Outside of nearly ramming the only reef rock in a large bay and bucking the wind for a few hours, Elbow was no problem at all. I swear the rock appeared out of nowhere. For all I know it was gone the moment we passed by. Probably hoisted by the ghost fish. The morning mostly shot, we found ourselves at the trestle. Figured Al must have been hungry when he crunched up a pack of noodles and ate them dry. It was there we took our annual one arm photo. Never much of a shot but they always captured the moment. Small piece of who we once were.
|Bear or Black Pig?|
Once below the last rapids it was sixteen miles of clear sailing to the access. Only thing that could have slowed us down was the dead on headwind. And it was a honker. Crept by a playground of otters, one fisherman and a single swimming bear. The bear seemed to be on its way to our first campsite. Figuring the man in the boat was camping there, we crowded the bear off the river. Passing camp we saw the rickety table spread with food. Lunchtime for Yogi. 'Spose we could have stopped and packed it all up. But the headwind said to forget about it. Besides, the more we packed up, the more the bear would have torn up.

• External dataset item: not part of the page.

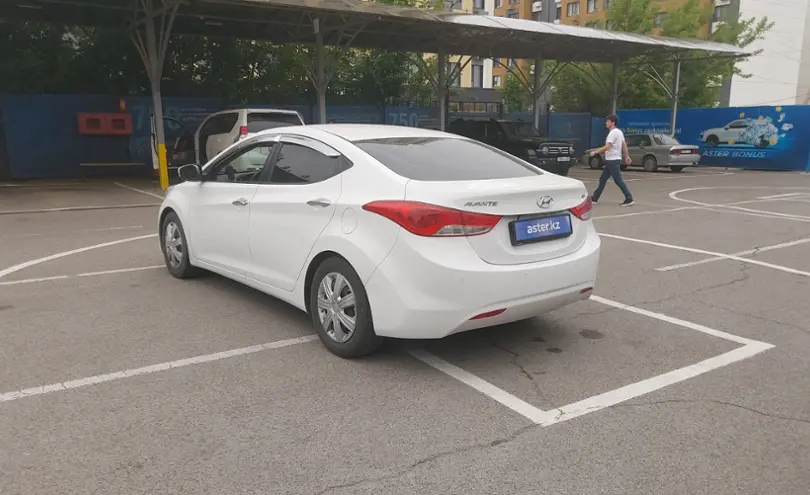 Hyundai Avante 2010 года за 6 000 000 тг. в Алматы фото 4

Another hour brought us to a bend in the river. At last we were somewhat tucked under the storm. A mile later we saw the end of our day. Iskwasum was an angry sea my friend. Totally impossible. Stampede of white horses. We found a shore lunch spot, landed and hunkered down for the night. Allan made dinner while I set up the tent. Fine line between free standing and airborne. Mac and cheese for supper. Maybe better than nothing. Maybe not. We were burnt, fried, kaput, dragged out and were in the bags at 6:30. Been on the water and trail for ten hours and had only done twenty-four miles. Slept like the dead.
We rose under a black and blue sky at 4:30. Clearing sky approaching from the north. End of the earth overcast to the south. Above us the dividing line. But no wind! Calm and a dozen miles to go. We could already taste the brew of Winnipeg.

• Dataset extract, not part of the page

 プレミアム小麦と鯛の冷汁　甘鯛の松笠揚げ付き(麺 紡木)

Once we were on the lake the sunrise exploded green against the spruces to our south. Good weather, no hurry. We stopped and watched the show. The cruise down Iskwasum was a pleasure tinged with fear that another blow was right around the corner. Turned out it wasn't. We took our last smoke break surrounded by cattails where the river left the lake. No matter the weather of the last two days, I wasn't ready for this trip to be over. Another longed for journey down the tubes. Memories are fine but making them is so much better. Seems there's never enough time for stuff like this until you're retired and then the body can't do it any more. You betcha it's all ass backwards.

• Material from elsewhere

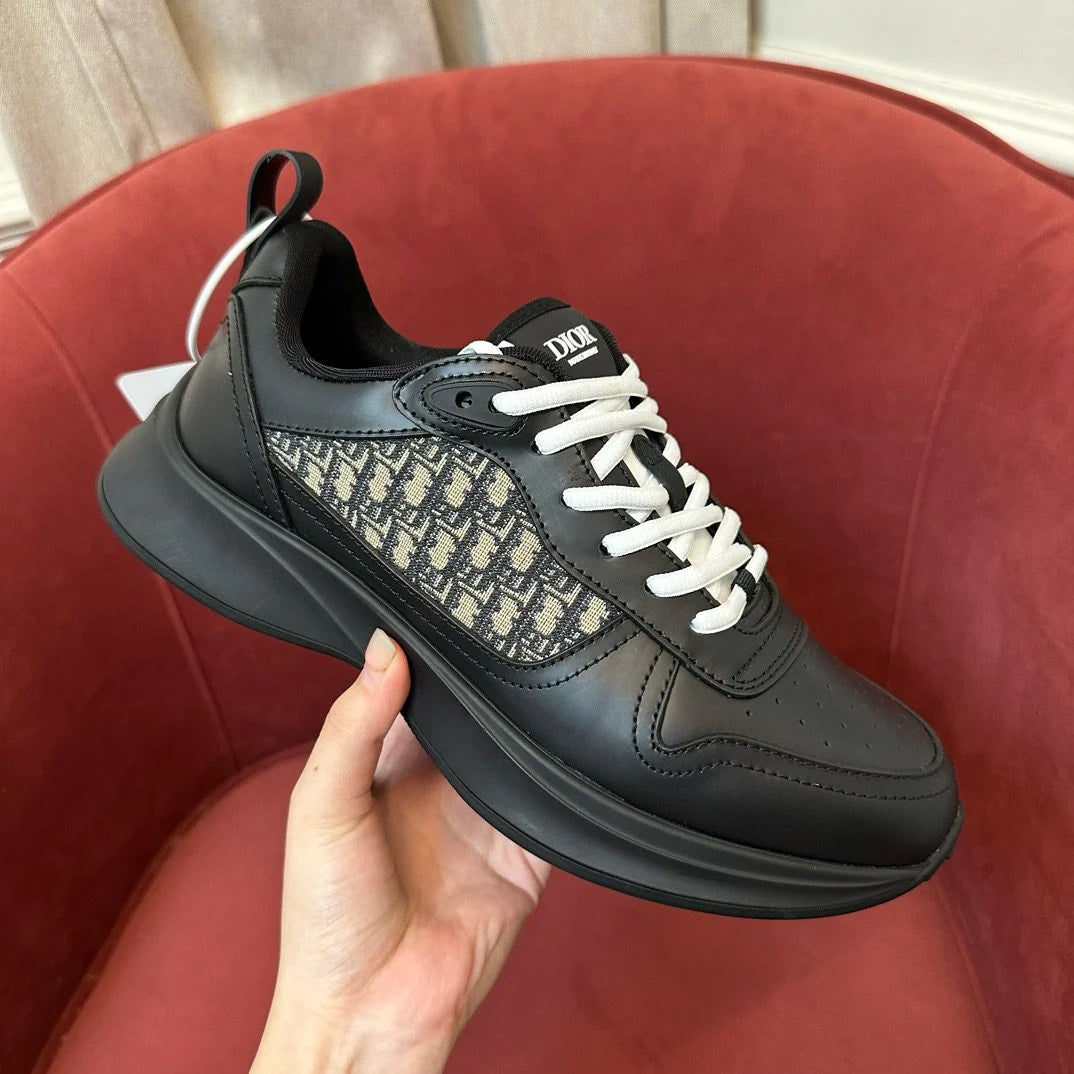 DIOR SNEAKER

The access looked like it could have been a walleye tournament. Twenty boats lined up on shore with a few thousands horses waiting for the starting gun so's they go off on a meat hunt. Good luck to each of them. Hope all the 'don't have a clooo boys' fill their stringers. Ah, the arrogance of canoemen. At least this one.
Load the Jeeped. Headed to Winnipeg. Ate and slept. Crossing the border was ten minutes of interrogation. The young official at the border was much more interested in the canoe than any illegal activities on our part. Wanted to know all the specs and where to get one. That's the kind of questioning I can live with.